- **Task item**
Only lines containing the word "lake" belong in the answer; copy each one from the records.

- **Given records**
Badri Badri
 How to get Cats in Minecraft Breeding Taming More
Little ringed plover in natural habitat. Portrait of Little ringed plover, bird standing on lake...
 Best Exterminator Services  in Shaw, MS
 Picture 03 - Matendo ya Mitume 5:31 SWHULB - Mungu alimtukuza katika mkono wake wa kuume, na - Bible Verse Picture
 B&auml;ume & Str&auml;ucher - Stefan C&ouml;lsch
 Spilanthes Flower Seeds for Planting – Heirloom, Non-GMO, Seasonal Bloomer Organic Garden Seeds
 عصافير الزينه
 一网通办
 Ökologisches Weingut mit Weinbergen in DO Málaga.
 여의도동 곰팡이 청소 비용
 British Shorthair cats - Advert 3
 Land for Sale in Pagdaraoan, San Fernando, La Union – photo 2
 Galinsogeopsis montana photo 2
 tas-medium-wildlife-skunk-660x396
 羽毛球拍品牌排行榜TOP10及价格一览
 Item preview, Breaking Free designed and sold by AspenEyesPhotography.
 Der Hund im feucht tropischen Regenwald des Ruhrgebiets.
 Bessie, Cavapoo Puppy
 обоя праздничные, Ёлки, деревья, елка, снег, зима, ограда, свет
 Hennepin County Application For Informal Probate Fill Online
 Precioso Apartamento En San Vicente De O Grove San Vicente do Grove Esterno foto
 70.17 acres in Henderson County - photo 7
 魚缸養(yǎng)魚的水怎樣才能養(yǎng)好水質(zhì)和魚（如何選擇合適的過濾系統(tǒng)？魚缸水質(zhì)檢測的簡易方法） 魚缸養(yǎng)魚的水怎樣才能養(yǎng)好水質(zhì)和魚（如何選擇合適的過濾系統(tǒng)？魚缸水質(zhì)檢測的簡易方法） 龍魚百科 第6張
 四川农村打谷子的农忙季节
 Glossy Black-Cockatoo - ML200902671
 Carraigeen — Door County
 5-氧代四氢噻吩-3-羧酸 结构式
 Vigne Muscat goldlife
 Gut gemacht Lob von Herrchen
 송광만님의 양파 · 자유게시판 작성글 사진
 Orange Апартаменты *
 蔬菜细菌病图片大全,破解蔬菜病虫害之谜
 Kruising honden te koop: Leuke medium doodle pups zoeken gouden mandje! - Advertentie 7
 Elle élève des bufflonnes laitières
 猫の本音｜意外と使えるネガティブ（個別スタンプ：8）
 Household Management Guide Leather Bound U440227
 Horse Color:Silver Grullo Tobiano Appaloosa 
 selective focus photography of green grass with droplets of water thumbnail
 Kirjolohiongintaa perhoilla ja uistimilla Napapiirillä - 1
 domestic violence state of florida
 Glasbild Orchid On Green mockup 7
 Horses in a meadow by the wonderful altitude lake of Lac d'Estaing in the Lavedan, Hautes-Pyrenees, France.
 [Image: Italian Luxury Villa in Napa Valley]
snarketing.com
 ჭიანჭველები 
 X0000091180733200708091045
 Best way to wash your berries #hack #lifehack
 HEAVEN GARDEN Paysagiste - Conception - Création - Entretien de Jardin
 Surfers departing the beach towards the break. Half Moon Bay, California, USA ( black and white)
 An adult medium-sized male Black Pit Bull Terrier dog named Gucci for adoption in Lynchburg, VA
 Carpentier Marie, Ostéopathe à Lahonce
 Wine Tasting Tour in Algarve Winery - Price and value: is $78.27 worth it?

- **Solution**
Little ringed plover in natural habitat. Portrait of Little ringed plover, bird standing on lake...
 Horses in a meadow by the wonderful altitude lake of Lac d'Estaing in the Lavedan, Hautes-Pyrenees, France.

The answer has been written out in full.